Web page caption snippets
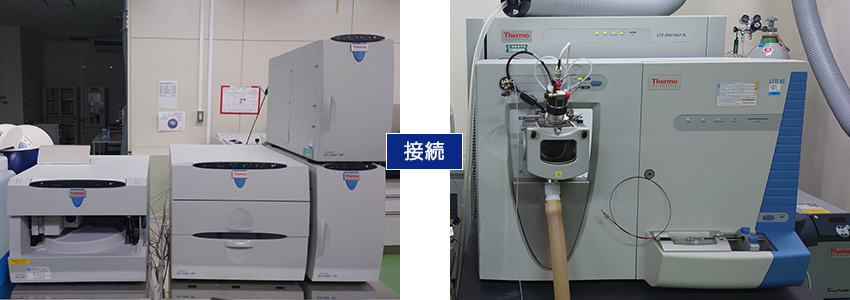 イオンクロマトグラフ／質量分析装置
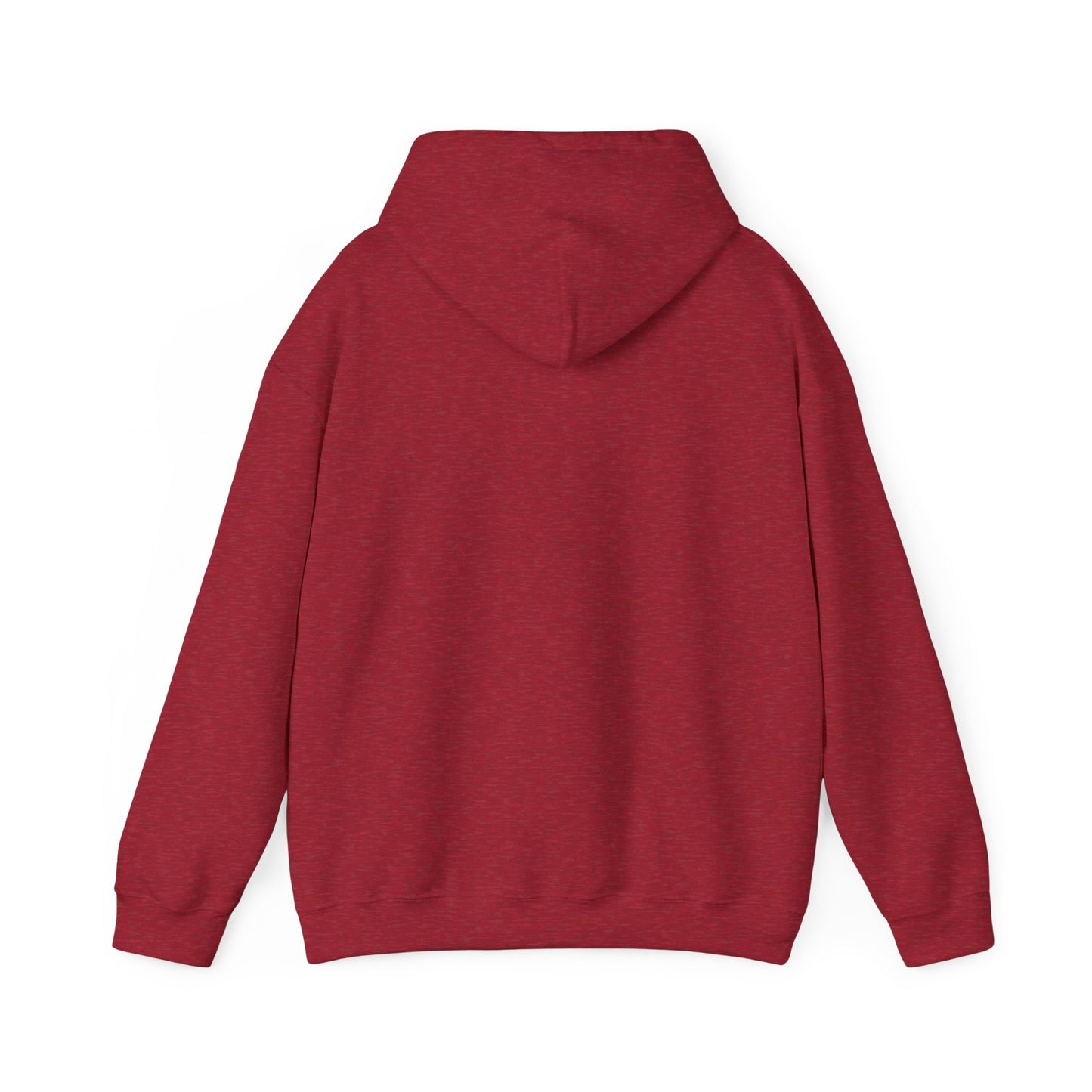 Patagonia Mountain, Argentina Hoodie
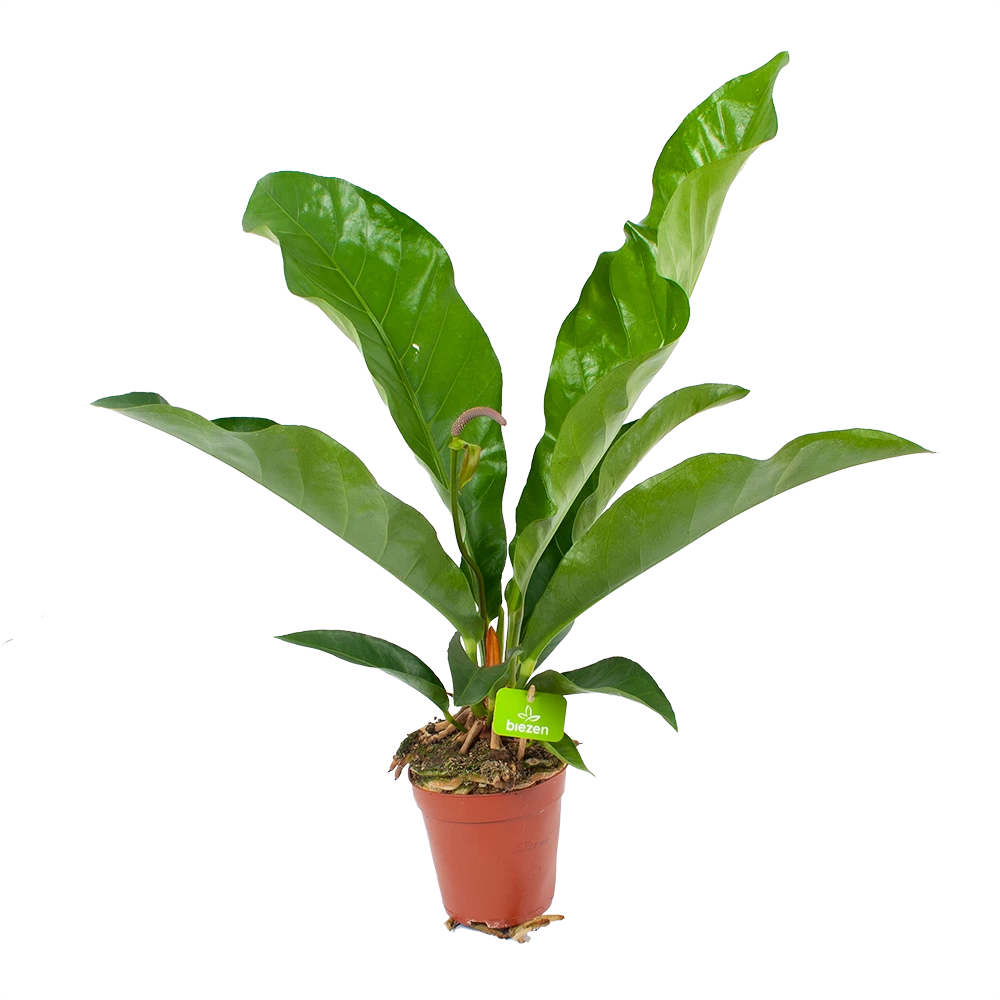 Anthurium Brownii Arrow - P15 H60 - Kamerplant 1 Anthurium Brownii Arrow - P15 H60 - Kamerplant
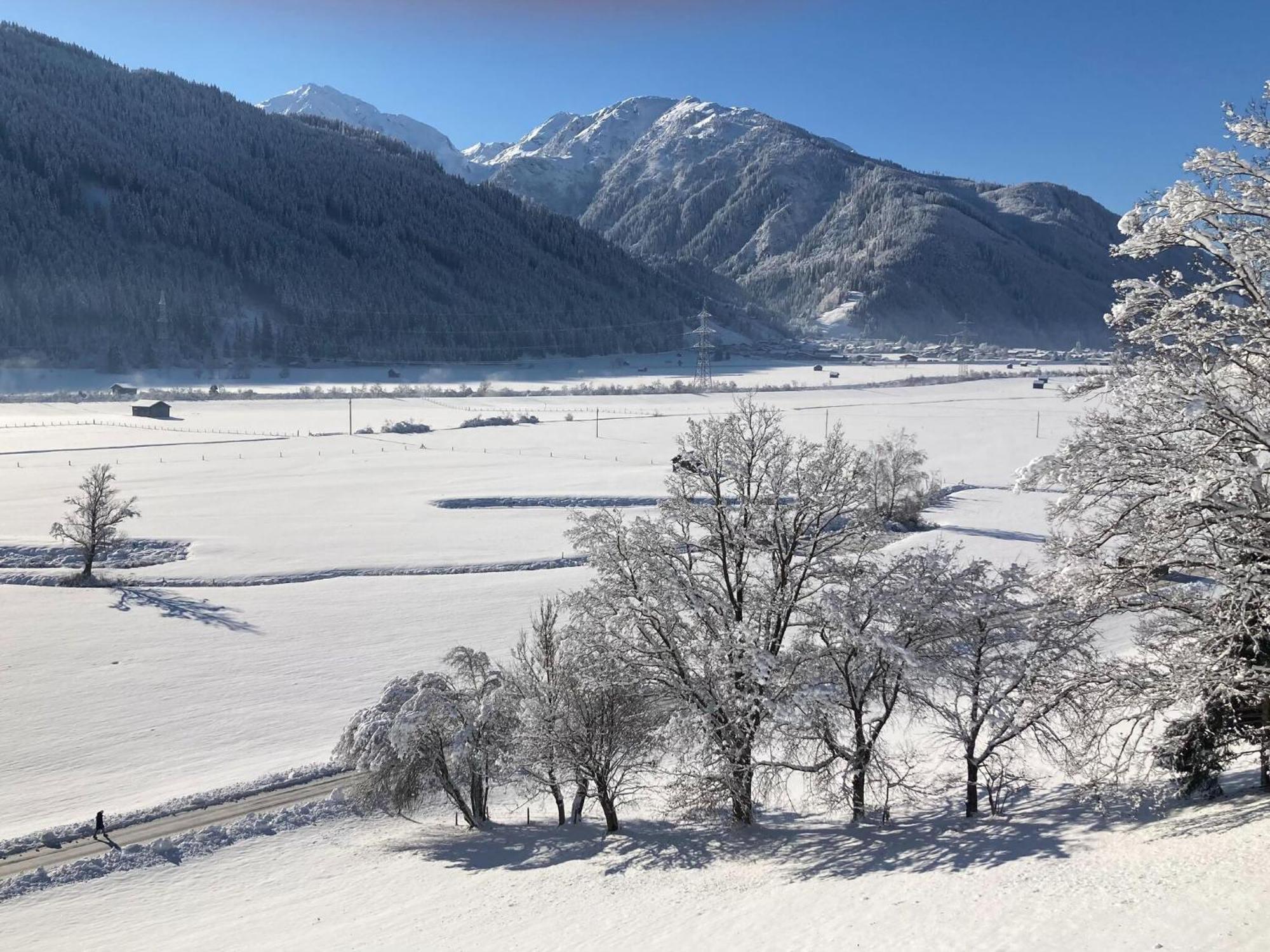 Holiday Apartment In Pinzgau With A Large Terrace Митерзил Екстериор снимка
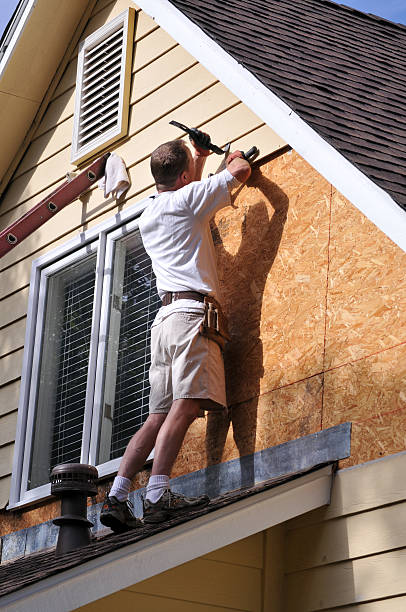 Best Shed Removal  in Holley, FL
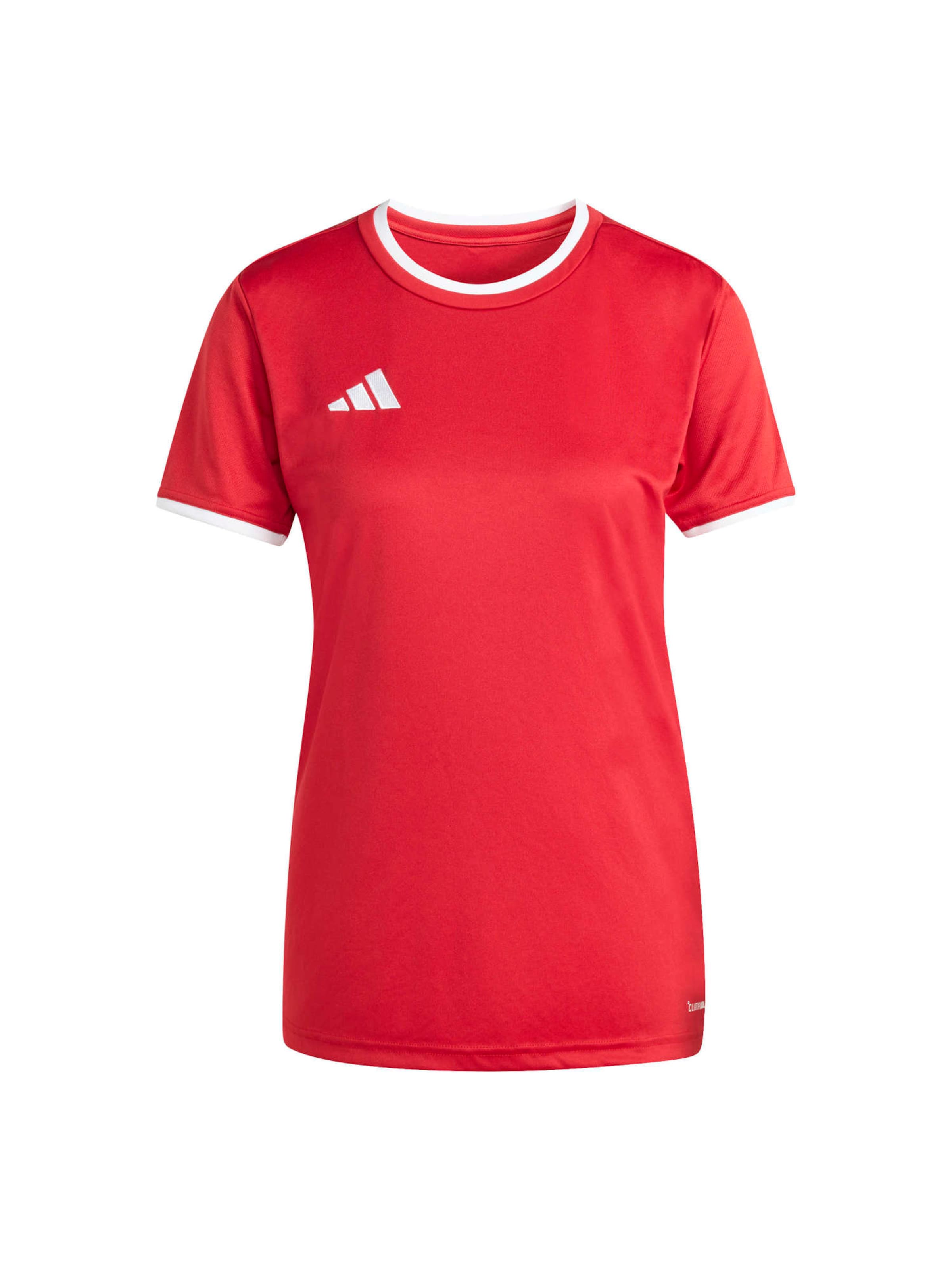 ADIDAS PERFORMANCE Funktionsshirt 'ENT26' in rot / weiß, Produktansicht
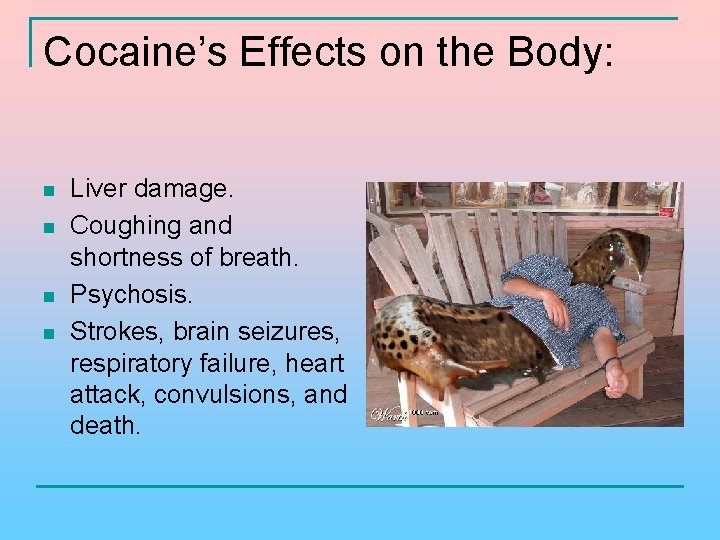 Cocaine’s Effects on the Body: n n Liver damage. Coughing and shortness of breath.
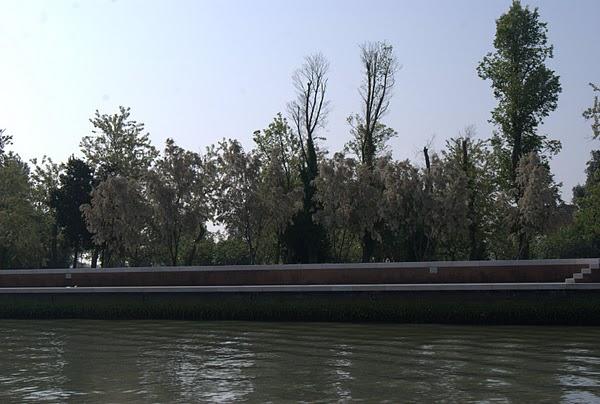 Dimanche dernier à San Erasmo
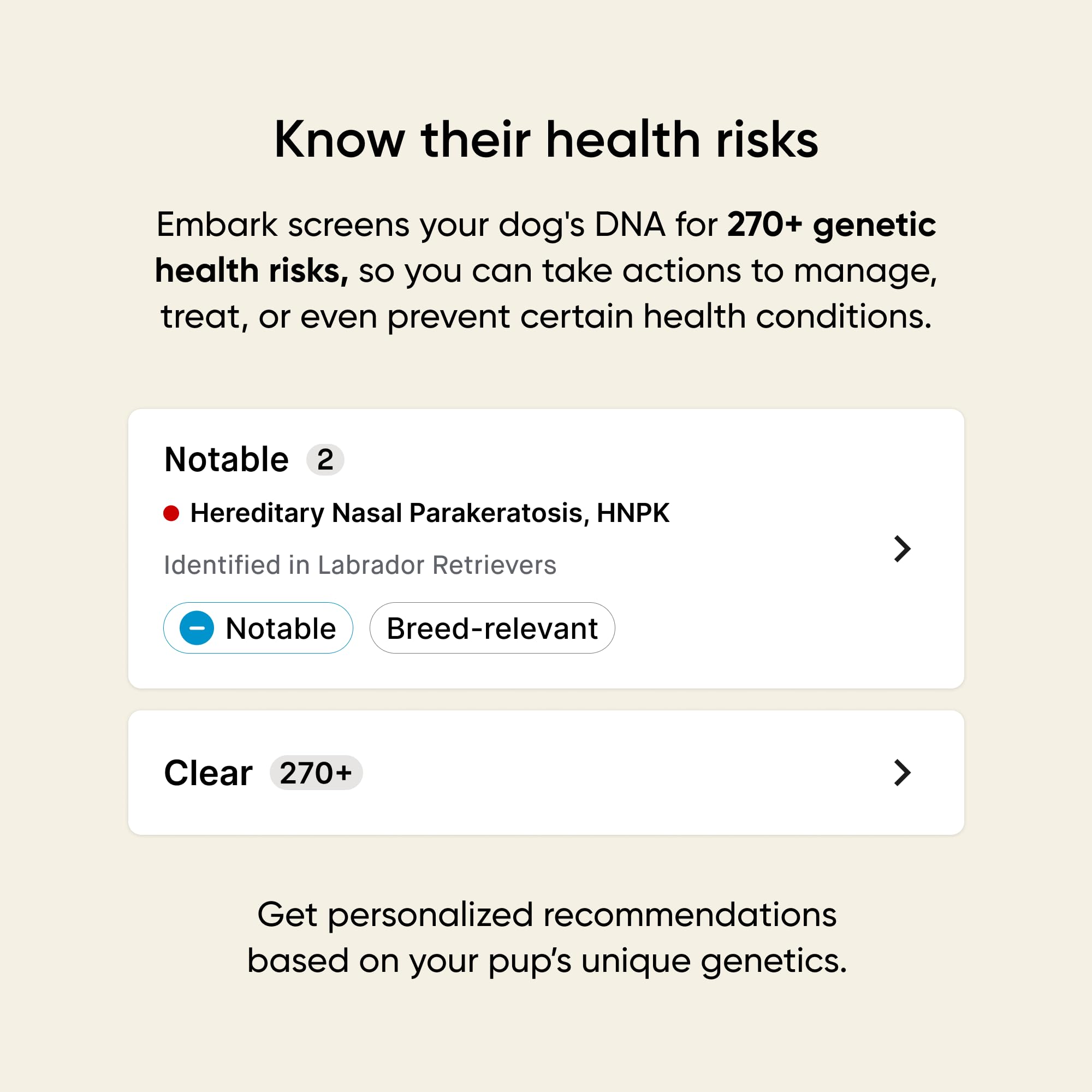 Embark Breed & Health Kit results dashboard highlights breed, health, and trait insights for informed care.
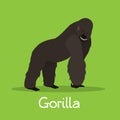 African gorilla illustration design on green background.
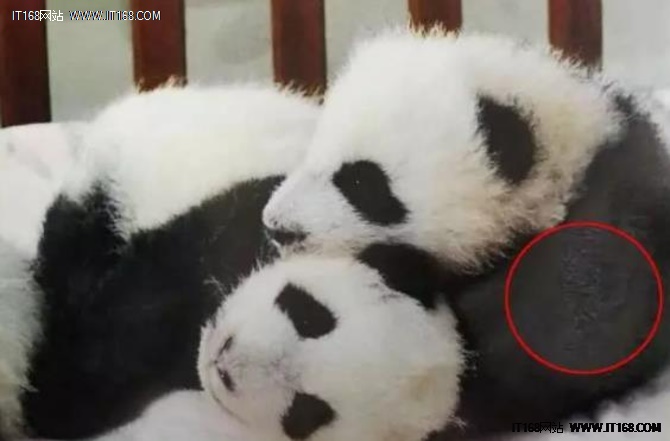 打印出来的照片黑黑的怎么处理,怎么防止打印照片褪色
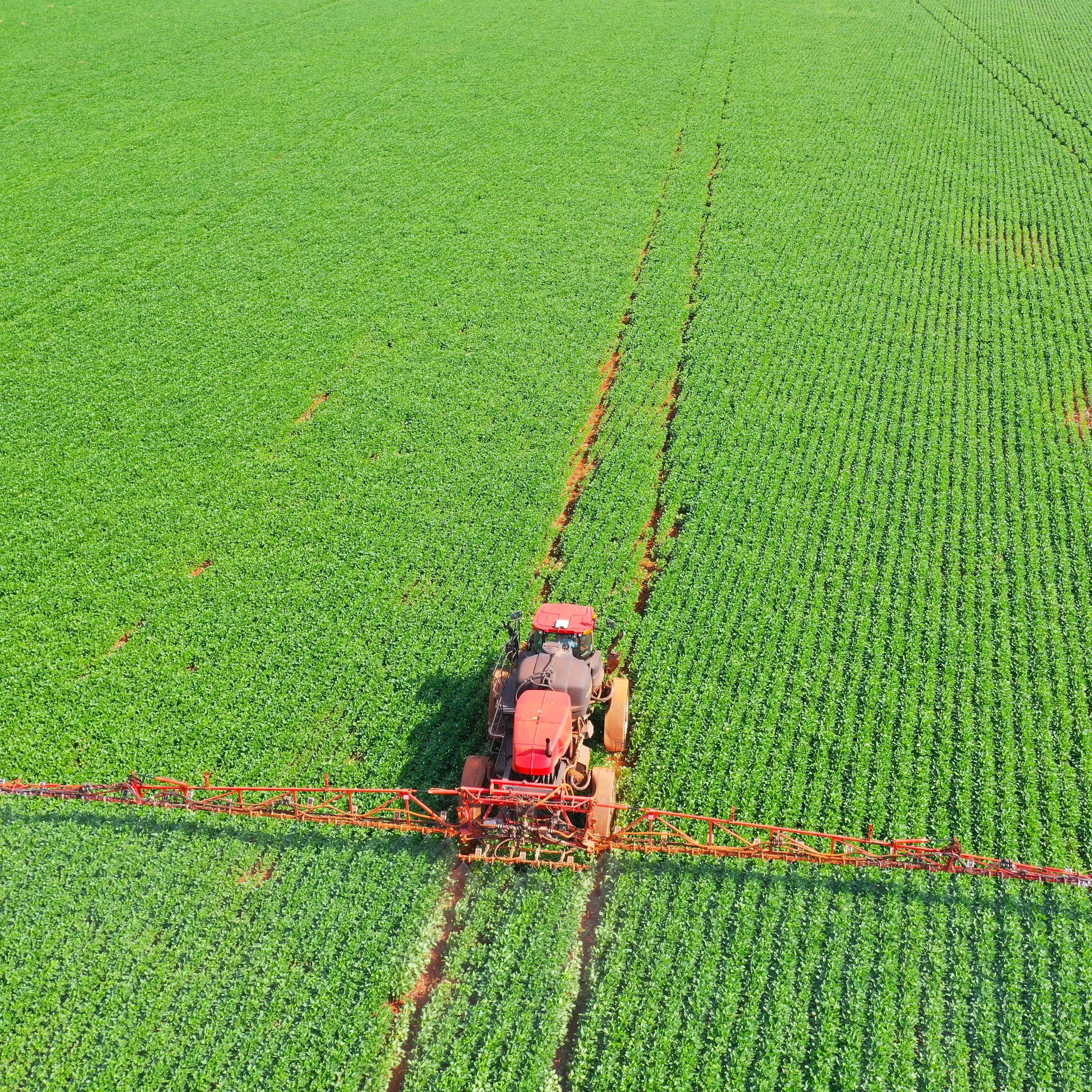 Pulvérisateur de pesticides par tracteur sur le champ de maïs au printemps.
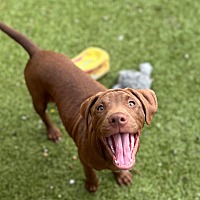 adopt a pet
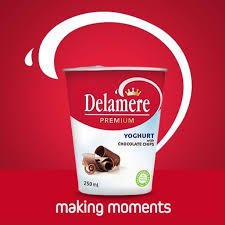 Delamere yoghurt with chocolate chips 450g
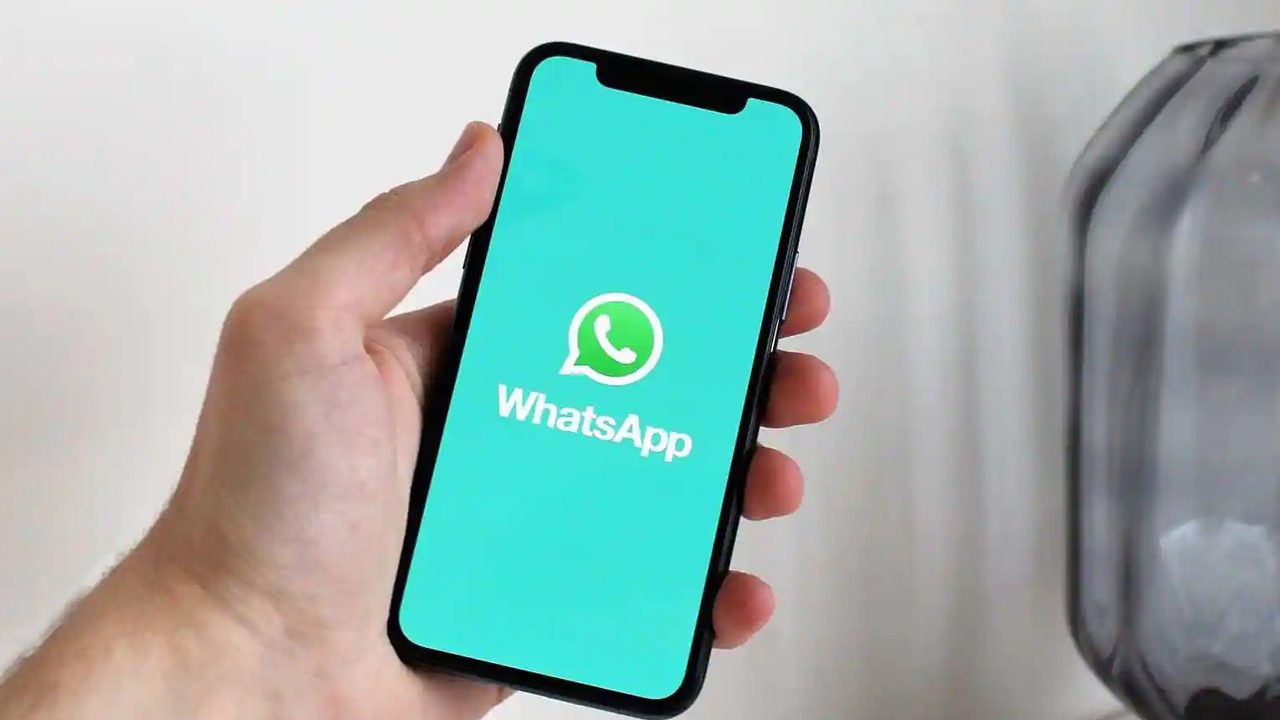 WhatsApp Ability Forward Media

**Task goal**
Reproduce only the lines from the beginning of the data through the line that contains "Dimanche dernier à San Erasmo", both included, and please drop the pictures.

**Exercise response**
 イオンクロマトグラフ／質量分析装置
 Patagonia Mountain, Argentina Hoodie
 Anthurium Brownii Arrow - P15 H60 - Kamerplant 1 Anthurium Brownii Arrow - P15 H60 - Kamerplant
 Holiday Apartment In Pinzgau With A Large Terrace Митерзил Екстериор снимка
 Best Shed Removal  in Holley, FL
 ADIDAS PERFORMANCE Funktionsshirt 'ENT26' in rot / weiß, Produktansicht
 Cocaine’s Effects on the Body: n n Liver damage. Coughing and shortness of breath.
 Dimanche dernier à San Erasmo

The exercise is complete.